L'attente

Dans une classe, il est impossible de ne pas avoir d'attente si on s'en tient à l'idée de l'accession au savoir mais je pense qu'il est inutile et même malsain d'en faire LA priorité. Parce que les enfants le perçoivent et que c'est le meilleur moyen de les brider par la peur que cela génère. Lorsque je leur enseigne les fractions par exemple, j'ai bien une intention, c'est celle de leur permettre de maîtriser une technique, une connaissance. Mais ça, c'est à moi que ça appartient et l'angoisse de ne pas y parvenir, c'est moi qui la fabrique. Et je ne dois pas la leur transmettre sinon je les alourdis de ce que JE porte. Et c'est depuis que je tente de me libérer moi-même de cette pression, sans perdre de vue l'objectif technique, que je perçois, parfois, chez certains enfants, ce plaisir simple, pur, de la connaissance pour elle-même. Non pas pour répondre à mes exigences, non pas pour accéder à un diplôme, à une note, à une évaluation mais juste pour se mesurer, soi, à la difficulté de l'apprentissage. C'est la connaissance qui est le but ultime et toutes les émotions qui viennent se greffer à ce cheminement sont des entraves. Même la fierté est une entrave car elle porte l'idée de l'espoir. Si je travaille dans l'espoir d'être fier de moi, je ne suis pas en train d'apprendre mais de répondre prioritairement à une notion rapportée, à quelque chose qui émane de mon statut social d'élève. Et c'est une perversion de la connaissance elle-même.
Il ne me paraît pas sain d'attendre ou d'espérer que les élèves se détournent de nos projections, c'est déjà trop tard, le mal est fait. Ils sont entrés dans le champ de nos influences et leur liberté s'en trouve bafouée. Cette liberté d'oeuvrer à sa propre évolution, non pas en se confrontant à un adulte ou à un groupe d'élèves mais juste à ce défi personnel de l'observation de soi. Il est préférable par conséquent, à mes yeux, de les absoudre de cette nécessité de se protéger de nos émanations de technocrates...Leur offrir simplement ce bijou de la connaissance, juste pour ce qu'elle est. La pression de la réussite est une émanation pestilentielle.
Apprendre à apprendre est le chemin parfait à mes yeux. Mais il faut désapprendre tout ce qui est venu se greffer sur le chemin, toutes les bornes fossilisées, les ossements du mammouth. Le mammouth de l'Education Nationale. Celui-là est mort depuis bien longtemps mais son souvenir perdure dans les récitants qui le vénèrent comme des croyants implorant des reliques. 
Il est temps de passer à une autre dimension. Et seule, la démarche existentielle et non intellectuelle pourra apporter ces nourritures indispensables. ce travail sur les émotions est le chemin de toute une vie...

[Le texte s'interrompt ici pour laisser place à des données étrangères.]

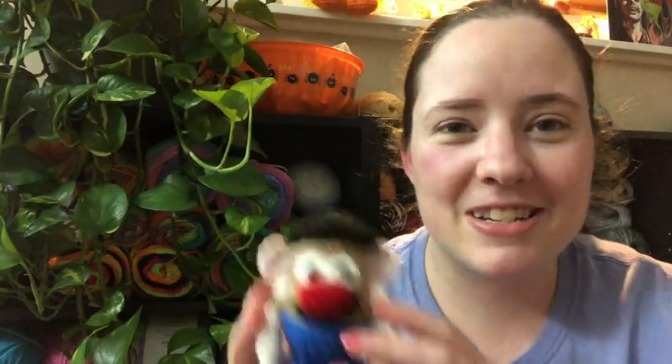I wanted to hop on here real quick and share this with you guys and say happy National Tater Day. I hope you got to eat some taters today. I could eat a potato any way you cook it.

Développer les émotions positives revient là encore à créer les conditions de la désillusion. C'est tout aussi néfaste que de subir les émotions destructrices. C'est vouloir apporter aux conditions de vie une "interprétation" qui n'a plus rien à voir avec la réalité. Si j'en viens à être déçu par l'évolution d'un enfant, ça n'est pas ce qui est qui me désole, ça n'est pas ce que l'enfant est, mais la désillusion envers ce que j'espérais. Cette attente que j'avais fabriquée est une pression énorme qu'ils perçoivent. Lorsque je dis qu'il n'est pas sain que nos élèves se détournent de nos projections, je veux dire par là que ces projections ne doivent pas être une opportunité d'évolution à travers la confrontation. C'est un combat dont ils n'ont pas besoin. Leur existence est déjà assez rude comme ça. Il est bien plus préférable à mon avis de les accompagner avec bienveillance, de les conseiller si nécessaire mais de ne rien imposer qui ne soit pleinement compris.
L'estime de soi est une valeur efficace lorsqu'elle est issue d'un réel rapport à soi et non à une mise en concurrence avec autrui, que ça soit le Maître ou les autres élèves. Sinon, cette estime de soi est un paravent. Elle n'est pas générée par une lucidité mais par des valeurs rapportées par l'environnement. Et c'est encore une fois le meilleur moyen de se placer dans la situation d'être déçu. L'estime de soi lorsqu'elle est issue d'un rapport de force est une aberration et le ferment de ce système destructeur des individus. L'école ne doit pas entrer dans ce marasme, elle doit protéger les enfants de ce fonctionnement pervers. C'est là sinon que se met en place l'homogénéité qui n'est qu'un conditionnement. Le travail existentiel a justement la force d'opposition, de résistance qui permet aux individus d’œuvrer à leur propre évolution et non de se soumettre à une évolution hiérarchisée. Le conditionnement est à la base de la formation du citoyen, pas de l'être humain. Le citoyen est un pilier de la nation. Et les nations entretiennent le conditionnement. La boucle est bouclée. Les élus du système travaillent au maintien de leurs privilèges. Uniquement.
C'est en cela que je travaille dans ma classe à établir un rapport d'équilibre. Non pas dans l'abandon de mon statut de maître et une liberté totale de mes élèves mais dans un rapport respectueux, une nourriture spirituelle partagée, un échange de leçons de vie. Ils ont autant à m'apprendre que moi. Puisqu'ils m'obligent à m'observer. Et sachant cela, étant donné que je le leur dis, ils savent que nous sommes des partenaires mais que mon expérience de vie me confère légitimement, et non pas par la force, un avantage sur eux. Je suis "l'Ancien". Un Ancien qui continue à apprendre sur lui-même à travers ce qu'ils me renvoient.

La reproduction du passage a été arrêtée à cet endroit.